No two people with Asperger’s are the same.
They share the same level of intellect, talent, skills and desire to work as the rest of the population and yet unemployment rates for people on the autistic spectrum range from 75% to 97%, even when the economy is healthy.
It’s a commutation thing.
People with Aspergers often have quirks that require a degree of social adjustment from the rest of us, which can turn interviews into a special kind of minefield. But employers ignore this section of the population at their peril because about 700,000 people in the UK are on the spectrum and that’s a lot of potential to miss.
Why? Because characteristics of the condition often include professional attributes that few others can match. Perfectionism, the ability to absorb every tiny detail of a process and a willingness to test outcomes to the Nth degree are all on this list.
Here are just a few typical Asperger’s characteristic and some hints on how to embrace their potential.
They may find it difficult to understand non-verbal communication
Body language or tone of voice is often lost on those with Asperger’s.
Which means they won’t always pick up on what you didn’t say.
Which also means you’re less likely to accidentally hurt their feelings.
Try not to take their apparent ambivalence personally. If you’re having a bad day, or a good day and your facial expression isn’t getting the required response, just say so.
Say, I’m having a good day today, let me tell you why.
Say I’m proper grumpy today so I won’t be speaking to you till home time.
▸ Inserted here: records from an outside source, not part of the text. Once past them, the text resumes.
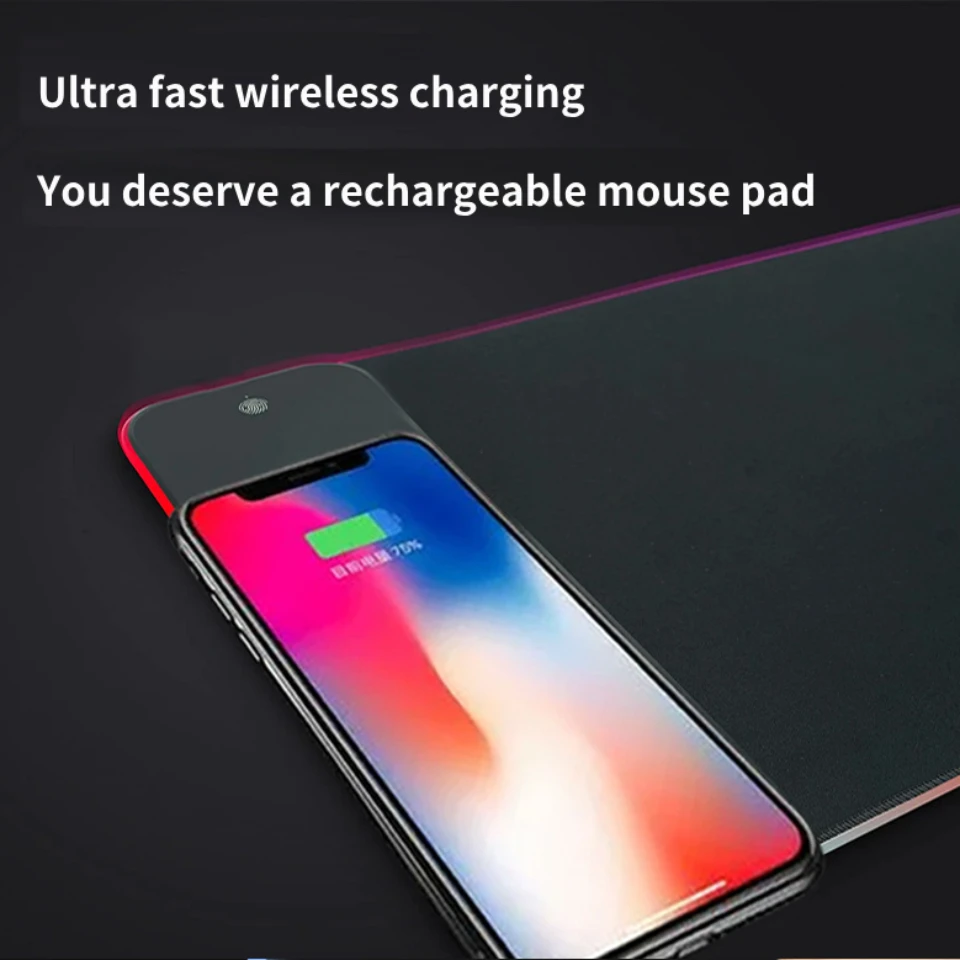 10W Wireless Charging Mouse Pad - Waterproof, Anti-Skid, Edge No-Warp Design with Light Switching for Gaming, Apple Compatible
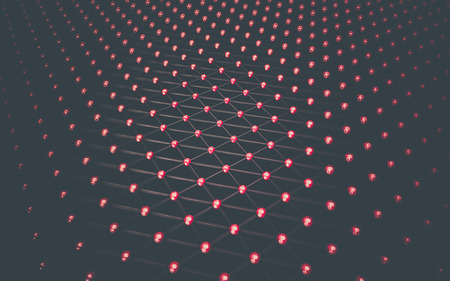 Abstract polygonal space low poly dark background with connecting dots and lines. Connection...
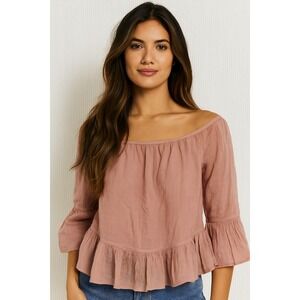 BCBGMAXAZRIA Womens Top Small‎ Pink Off Shoulder Ruffle Bell Sleeve Gauze Blouse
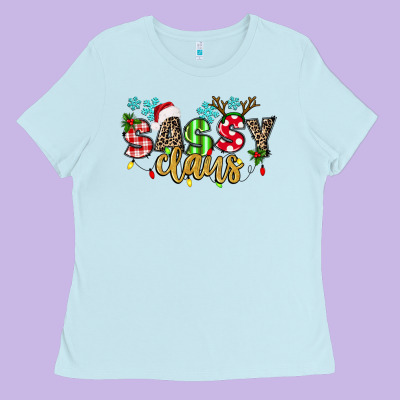 Sassy Claus Ladies Tee Designed By Texasbilliewilder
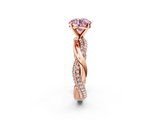 Rose gold Fancy Pink Round  Solitaire Twist Band with Pave Prong Setting_2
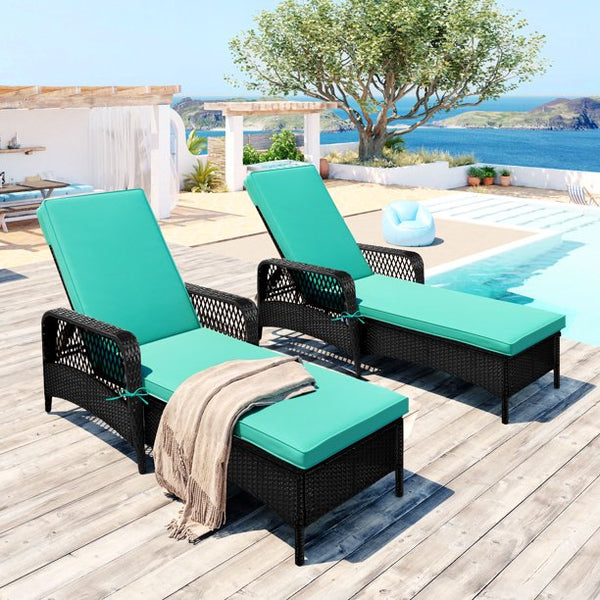 JINS&VICO Outdoor Patio Pool PE Rattan Chair, Wicker Sun Lounger with 6 Adjustable Angles Backrest, Set of 2 Lounge Chair with Armrest for Beach Garden Backyard, Black Wicker and Green Cushion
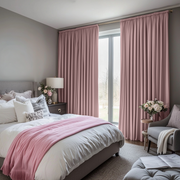 Pink Velvet Rod Pocket Blackout Curtains in a Bedroom with Grey Walls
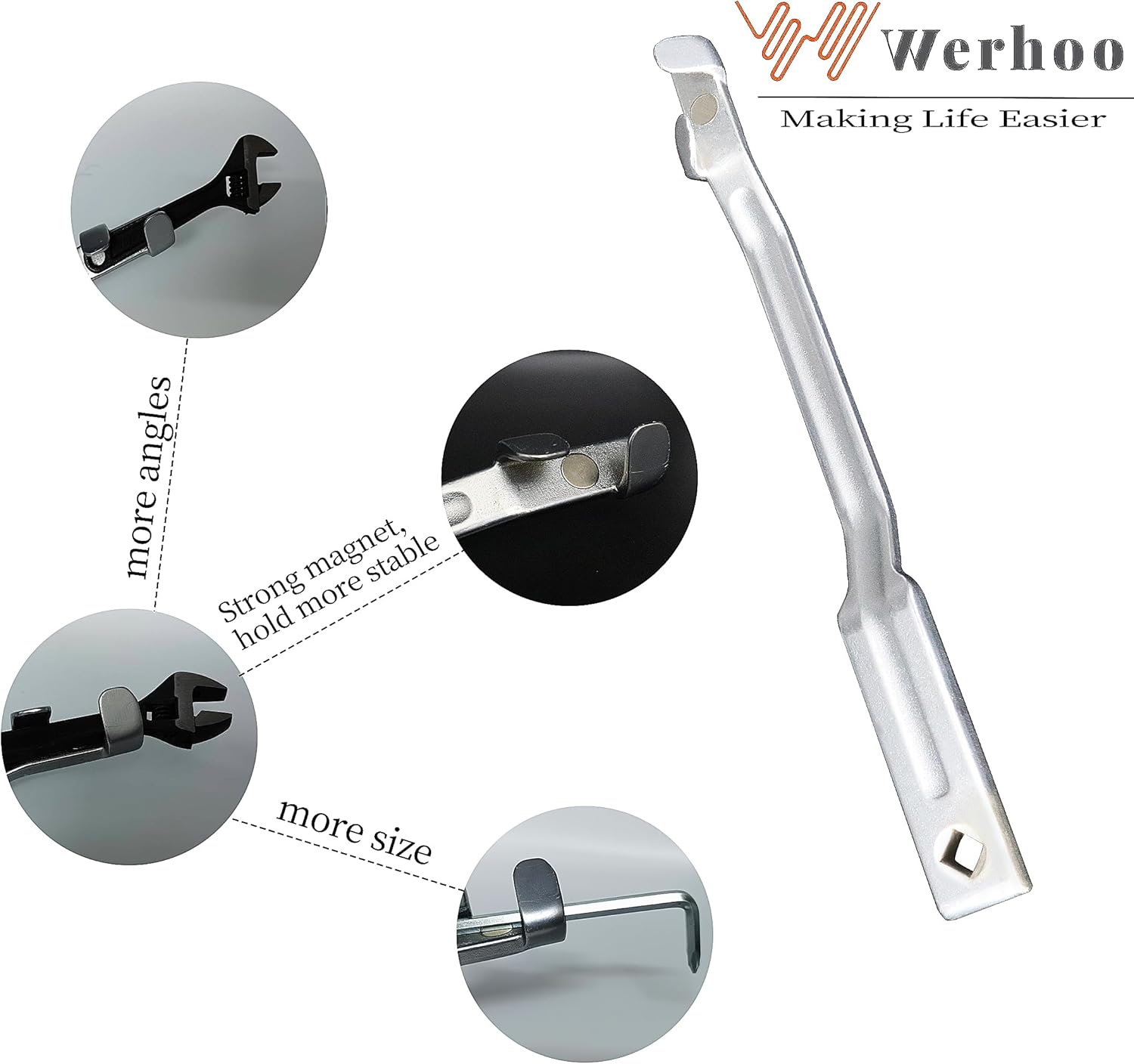 Barra extensora de llave de 15 pulgadas con imán, extensión de llave con orificio de 12 pulgada, para mecánicos, comerciantes de garaje, manitas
Just do it, it’s fine.
Interpreting the thoughts and motives of others isn’t really their thing
Office politics, cattiness and unspoken motives are lost on the average Autist. They work at a refreshingly straightforward and much more transparent level than most. Share your feelings if you want some recognition, conceal them if it feels better but don’t expect your Asperger’s affected colleague to read your mood without help.
Non-literal uses of language, such as jokes or irony won’t resonate
They might not get the joke and they almost certainly won’t pick up on irony. All of which might take a bit of getting used to. Be fair though, you probably don’t get every sense of humour you encounter either.
Don’t take it personally. The process of learning to say exactly what you mean can be a revelation.
You might even learn something about your own communication style in the process.
Respecting social conventions might not be instinctive
This can feel awkward – but the same rules of explicit instruction apply. Your colleague won’t be offended if you ask them to stand a little further from your desk, speak a little more quietly indoors, or stop talking to themselves. In fact they’ll most likely appreciate your clarity and willingness to help them fit in with the crowd.
Getting anxious if their routine changes
Dependency on routine is what makes many Autists tick, it’s what allows them to excel at certain tasks and it’s part of their overall uniqueness. Embrace the quirk, don’t force sudden changes unless you absolutely can’t avoid it, give them plenty of warning and allow for a period of adjustment.
Experiencing occasional sensory meltdowns
Imagine being asked to write a detailed report in the middle of a packed dance floor.
Some autistic people are incredibly sensitive to stimulation that most of us don’t even notice. The tick of a clock, the rumble of the coffee maker, a tiny flicker in the overhead light. These people have a lot to contend with, so expect occasional meltdowns and look for ways to offer a little bit of calm when they come along.
Crashing and banging
Yip, people can be clumsy, get used to it.
Don’t expect more than a person can offer and be kind, this isn’t carelessness we’re talking about.
Asperger’s is often accompanied by Dyspraxia – yet another life challenge for your colleague – vive la difference.